При разработке плана высказывались различные предложения. Лично я ратовал за объединение двух танковых корпусов в один кулак, но генерал фон Рейхенау предпочел провести операцию по захвату врага в „клещи“ с двух направлений. Мне кажется, мы продвигались бы быстрее, если бы наши силы были сконцентрированы.
В первые три-четыре дня после начала наступления нам пришлось преодолевать сильное сопротивление на „линии Вейгана“. В итоге решающий прорыв был осуществлен не в нашем секторе, как предполагалось, а на Эне, к востоку от Суассона. После этого ОКХ решило забрать у нас танковую группу генерала фон Клейста и направить на восток для расширения прорыва. Естественно, мы были огорчены, ибо повторялась ситуация, которая уже случилась с нами в Бельгии».

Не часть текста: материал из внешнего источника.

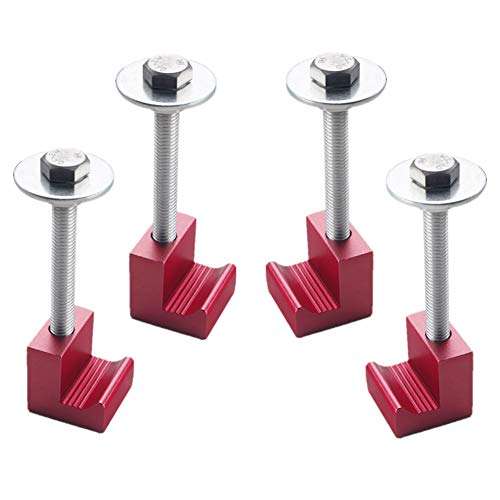 DEWHEL Tool Box Tie Downs Aluminum J Hook Crossover Toolbox Pickup Pair (4 PCS, Red)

Рассказ о тех событиях продолжил Клейст: «Корпусу Витерсхайма удалось захватить район моста через Уазу у Пон-Сен-Максенса, но наступление Хеппнера задержалось из-за ожесточенных боев к западу от Нуайона. К тому времени в Шампани уже был осуществлен прорыв. Хотя наступление там началось только 9 июня, войска быстро переправились через Эну, и танковый корпус Гудериана проследовал через проход, сделанный 12-й армией к востоку от Реймса. 9-я и 2-я армии также прорвались к западу от Реймса, и я получил приказ выйти из боя, чтобы развить этот успех. Мы совершили длинный переход за линией фронта севернее Компьеня, затем переправились через Эну в районе Суассона, а потом через Марну в районе Шато. К тому времени французы уже отступали, поэтому мы прошли мимо Дижона и по долине Роны до Лиона без задержек. Еще одна резкая смена планов произошла перед завершением перехода, когда корпус Витерсхайма был отправлен обратно на юго-запад, к Бордо, а затем к испанской границе в районе Биаррица».
О том, что происходило во время прорыва через Эну, рассказал Блюментритт: «Во время этого наступления было принято только одно важное стратегическое решение. Когда танковый корпус Гудериана прорвался через французский фронт и вышел в район между Сен-Дизье и Шомоном на верхней Марне, встал вопрос, какое из трех направлений следует выбрать: повернуть ли на восток, через плато Лангра к швейцарской границе, чтобы отрезать французские армии в Альсаке, или лучше двигаться на юго-восток через плато к Дижону и Лиону, чтобы добраться до Средиземного моря и помочь итальянцам перейти через Альпы, а может, повернуть на юго-запад, к Бордо, чтобы отрезать путь французским армиям, отступающим из района Парижа к Луаре и за нее. Заранее были подготовлены три коротких радиосообщения».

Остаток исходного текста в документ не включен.